What's an Arbitration Agreement Worth If One Side "Always Wins?"

Arbitration agreement form on an office table.
By Laura Temme, Esq. on August 20, 2019 2:30 PM

Chicago-based international law firm Winston & Strawn has asked the Supreme Court to grant cert in a case involving a former partner, allegations of gender bias, and an arbitration agreement invalidated by the appellate courts in California. Former Winston & Strawn partner Constance Ramos contends the terms of the firm’s the arbitration agreement were overly harsh, including a clause she deemed the “firm always wins” provision.

Interestingly, despite the drama of a claim that “the firm always wins,” the question presented to SCOTUS is more focused on the interplay between federal arbitration laws and long-standing rules of interpretation in California.

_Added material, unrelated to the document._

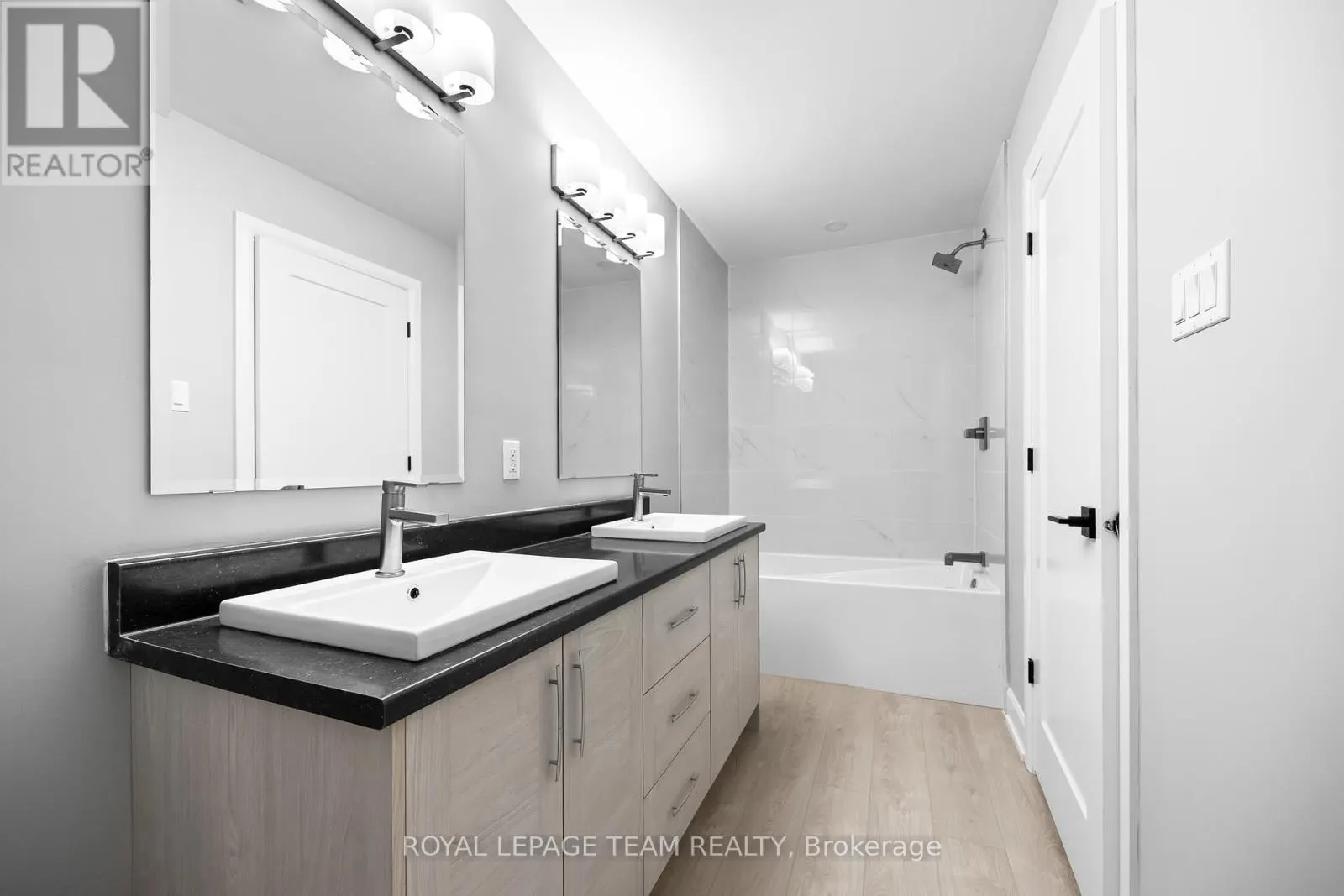 354 LEWIS STREET W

Can the Firm “Always Win?”

A California court of appeals held that Ramos could not be forced to arbitrate her claims against Winston & Strawn due to a clause that made the entire arbitration agreement invalid – what Ramos called the “firm always wins” clause.

How can the firm always win? By prohibiting arbitrators from going against decisions made by leaders in the firm. Unless the firm leaders violated the partnership agreement itself, an arbitrator could not substitute their judgment for a partner’s judgment.

The firm disagreed with Ramos’ characterization of the provision, calling it a “partnership judgment” provision that simply kept arbitrators from second-guessing business decisions made by the partners.

The California appeals court hearing the case found removing the rule would alter the entire agreement, so it invalidated the whole thing.

Winston & Strawn petitioned for review by the Supreme Court of the United States, asking the Court to decide whether the rules used to examine the arbitration agreement are actually preempted by the Federal Arbitration Act.

Questioning Long-Standing Rules

California courts have long followed the guidance from Armendariz v. Foundation Health Psychare Services, Inc. in examining arbitration agreements. Armendariz held that an arbitration provision in an employment agreement must meet five minimal requirements to be enforceable. However, Winston & Strawn argues that the Federal Arbitration Act (FAA), which requires courts to place arbitration agreements on the same footing as other contracts, preempts the requirements laid out in Armendariz.

Six amicus briefs have been filed in support of Winston & Strawn, arguing that the requirements in Armendariz disfavor arbitration – in direct contradiction to the FAA and other California cases.

Winston & Strawn’s petition is set to be distributed for conference October 1st.